Signaler un numéro 0424 : ce qui fonctionne vraiment

Quand on cherche à se débarrasser de ces appels, on tombe sur trois pistes principales. Toutes ne se valent pas.

  • Le service Bloctel (bloctel.gouv.fr) permet de s’inscrire gratuitement sur une liste d’opposition au démarchage téléphonique. Les professionnels ont l’obligation de consulter cette liste avant de lancer leurs campagnes. En pratique, les démarcheurs les moins scrupuleux ignorent tout simplement Bloctel, et les sanctions restent rares malgré des amendes théoriquement lourdes.
  • Le signalement au 33700 (par SMS) ou via le portail de l’ARCEP permet de remonter un numéro suspect. Ce signalement alimente une base utilisée par les opérateurs pour identifier les flux abusifs, mais le délai entre le signalement et le blocage effectif du numéro reste long.
  • Le blocage manuel sur votre téléphone (Android ou iPhone) reste la méthode la plus immédiate. Sur Android avec Google Téléphone, on peut aussi activer le filtrage des appels de spam. Sur Samsung, la fonction de protection contre les numéros indésirables s’appuie sur la base Hiya. L’efficacité dépend du nombre de signalements déjà enregistrés pour le numéro concerné.

Aucune de ces solutions ne règle le problème à la racine. Le démarcheur change de numéro plus vite que les bases de données ne se mettent à jour.

Loi du 11 août 2026 : la fin du démarchage téléphonique non sollicité

Gros plan sur un smartphone affichant un appel entrant d'un numéro 0424 associé au démarchage téléphonique posé sur une table en bois

Le cadre légal est en train de basculer.

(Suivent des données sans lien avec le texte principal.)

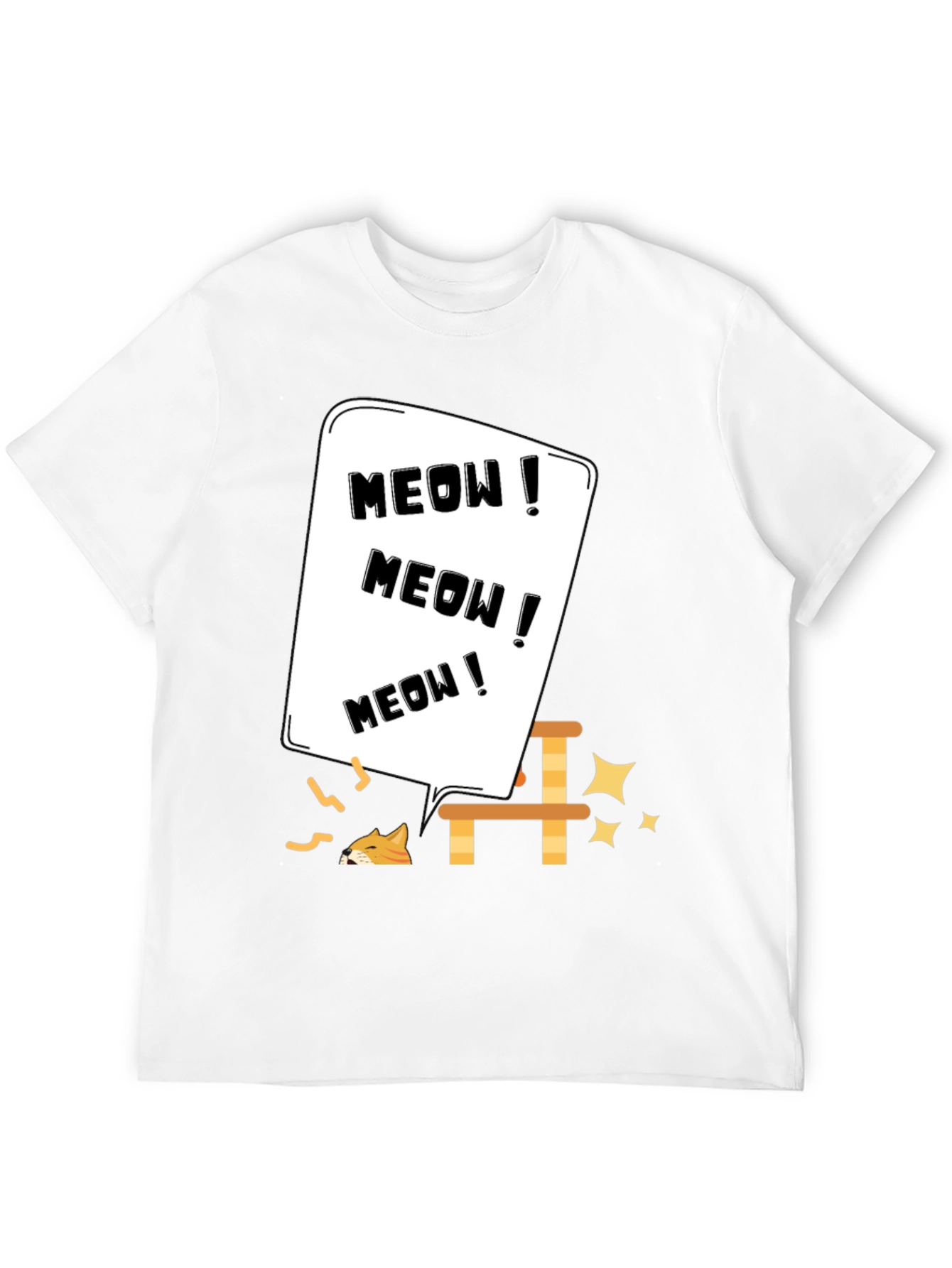 Meow Cat Lover T-Shirt Black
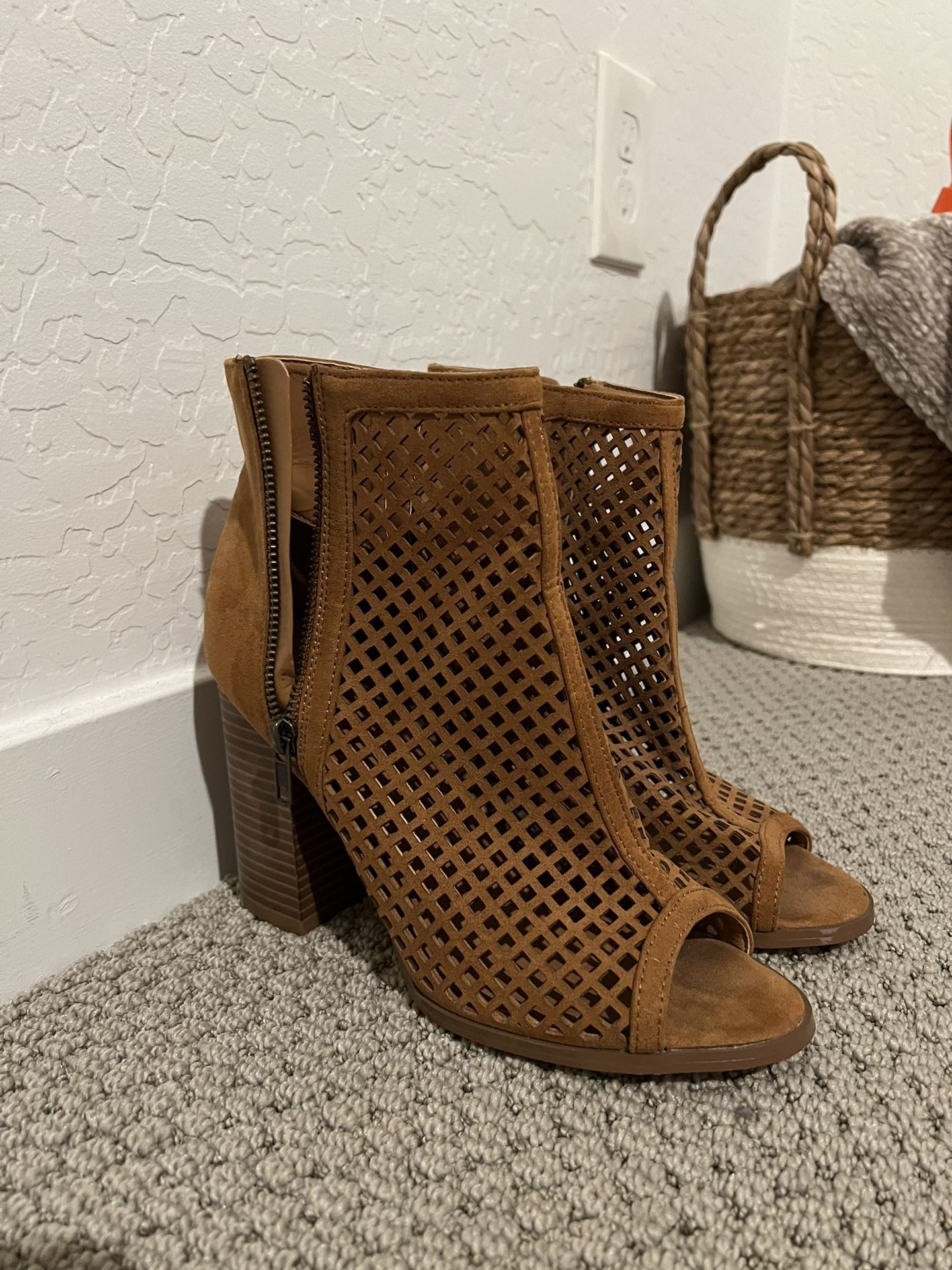 Boho Brown Heeled Booties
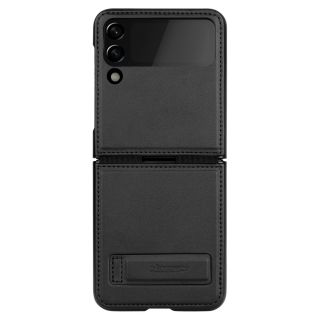 Nillkin Qin Vegan Samsung Galaxy Z Flip 4 kinyitható bőr tok - fekete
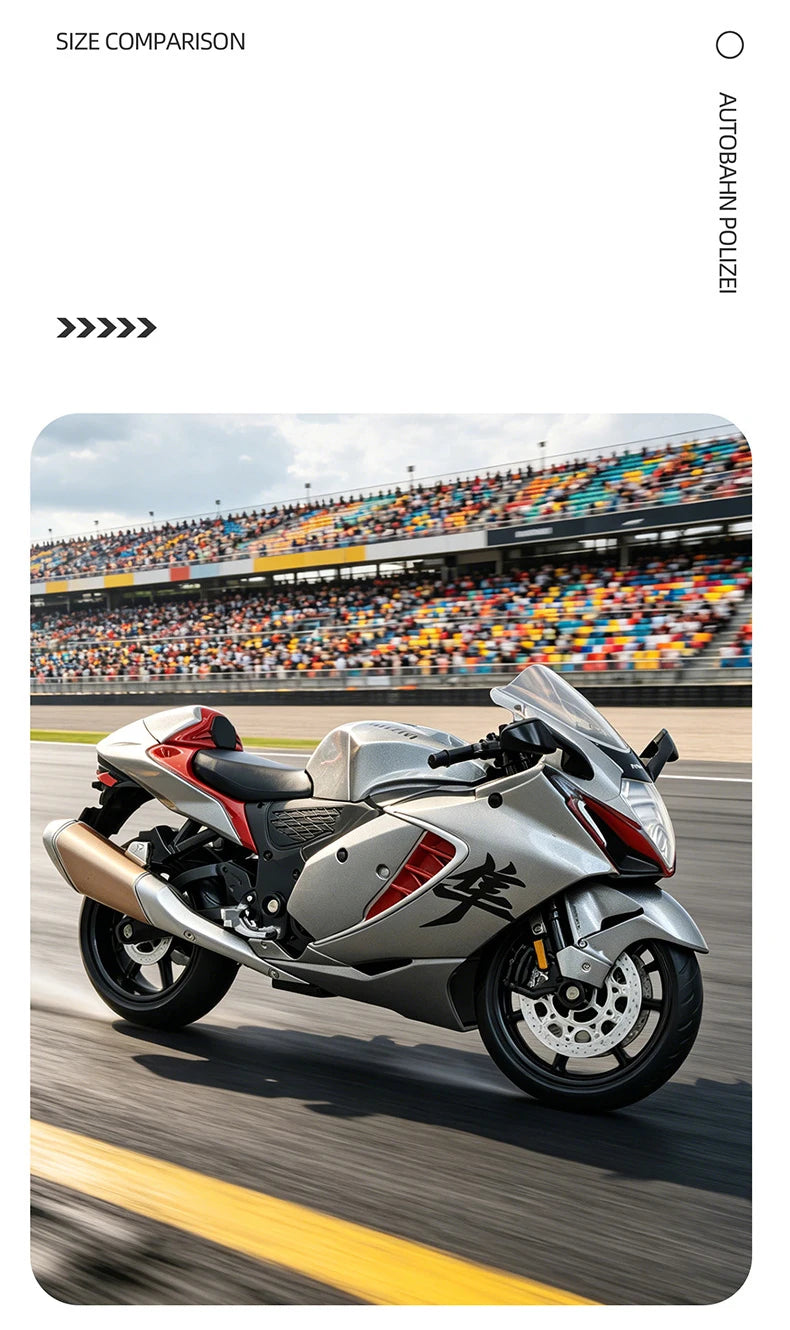 Diecast Suzuki Hayabusa GSX1300R Racing Motorcycle Model 1 to 12 Scale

La loi n° 2025-594 du 30 juin 2025 (lutte contre les fraudes aux aides publiques), via son article 13, introduit un système d’opt-in généralisé à compter du 11 août 2026. Concrètement, tout démarchage téléphonique commercial sera interdit sans consentement préalable du consommateur.

Ce consentement devra être « libre, spécifique, éclairé, univoque et révocable », selon les termes codifiés aux articles L.223-1 à L.223-7 du Code de la consommation. La charge de la preuve repose sur le professionnel : c’est à lui de démontrer qu’il dispose bien de l’accord explicite de la personne appelée.

Deux exceptions subsisteront :

  • Les appels liés à un contrat en cours entre le consommateur et l’entreprise.
  • Les cas où le consommateur a donné explicitement son accord pour être contacté à des fins commerciales.

Ce que les opérateurs ne mettent pas en avant, c’est que ce basculement vers l’opt-in leur impose de nouveaux contrôles sur les flux de leurs clients professionnels. Les centres d’appels devront prouver la collecte du consentement avant même de pouvoir émettre un appel via le réseau d’un opérateur. On ne sait pas encore comment cette vérification sera techniquement implémentée, ni si les opérateurs investiront réellement dans un filtrage en amont.

Ce que ça change pour les numéros en 0424

Le préfixe 0424, attribué par l’ARCEP à des usages de prospection, ne disparaîtra pas. En revanche, après le 11 août 2026, un appel en 0424 sans preuve de consentement constituera une infraction. Le risque d’amende pour les entreprises fautives devrait rendre l’utilisation abusive de ces numéros plus coûteuse.

Jusqu’à cette date, la situation reste inchangée : le démarchage téléphonique est autorisé du lundi au vendredi, de 10 h à 13 h et de 14 h à 20 h. Les appels en dehors de ces créneaux, ainsi que les samedis, dimanches et jours fériés, sont déjà interdits.

Le vrai test aura lieu après août 2026. Si les opérateurs se contentent de transmettre l’obligation légale à leurs clients professionnels sans mettre en place de vérification technique, les appels en 0424 continueront de sonner. La loi change le cadre, mais c’est l’application concrète par les opérateurs qui déterminera si on décrochera encore pour tomber sur un discours commercial non sollicité.